喂肉不成,反而给自己染了头绿毛的向姓大型犬:暗自攥紧拳头,在心里给乔嘉益记上一“功”。
母亲的,这顿饭,谁爱吃谁吃。
向延序放下筷子,在镜头前摆起一张臭脸。
“这肉好好次。”乔嘉益咂巴两下嘴,完全没有意识到自己已经徘徊在死亡的边缘。
敏感如王安可,快速给自己cp投喂几颗救命牛肉丸,“吃吧你,别说话。”
接下来的吃饭全程,楚兆年都没有抬头看过向延序一眼,自顾自干饭。
然而阴沉的低气压不是靠眼睛看出的,气氛诡异到令人发指的地步。
乔嘉益试图跟向延序说话,对方都不理他,也不吃东西。
楚兆年忍无可忍:“你不吃就拿去喂狗。”
向延序就笑了,凑到他眼前,拿一张浩然正气的脸装可爱,压低声音说:“我不就是你最爱的狗狗吗?”

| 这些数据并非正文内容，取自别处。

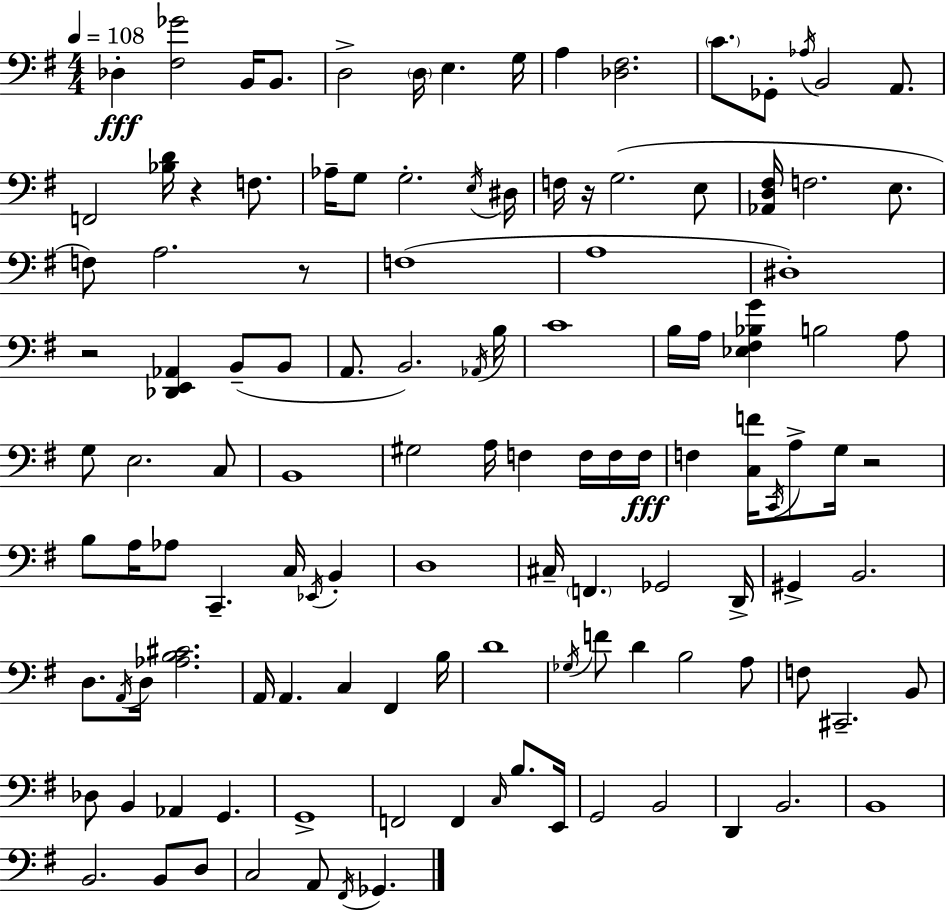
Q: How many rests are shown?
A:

“噗!咳咳咳!”知道向延序有病,但没想到他居然无时无刻都在犯病,麦还开着呢!
楚兆年咳得满面通红,红晕顺着脖颈下来,染了一大片。
“你胡说八道什么?”他咬紧牙关,齿间发出狠戾的“咯咯”声。
向延序坐正身体,笑得阳光无害:“肉确实好吃,小六家的狗一定会喜欢。”
“嗯?小六还养狗了?”乔嘉益一脸困惑,“我怎么不知道啊?”
楚兆年怒视向狗,声音比平时冷上数十倍:“嗯,以前养的,得了狂犬病,死了。”
向延序愣了下,借势安慰地搭上对方的肩:“那就再养一只吧,健康乖巧的、”
话音戛然而止,他五指收拢,悄悄将楚兆年拉近,用气音说:“比如我。”
第12章
搭戏准备
入住第三日,小镇终于不下雨了,泥泞味和湿气在一瞬间消散,余下清清爽爽的凉风。
姜PD做节目向来是有目的和核心的,很明显这一程关乎地域文化。
一清早,还在睡梦中的嘉宾就被工作人员催着起床,赶鸡仔似的往车上推。一上去便听见大喇叭响起,环绕整个空间。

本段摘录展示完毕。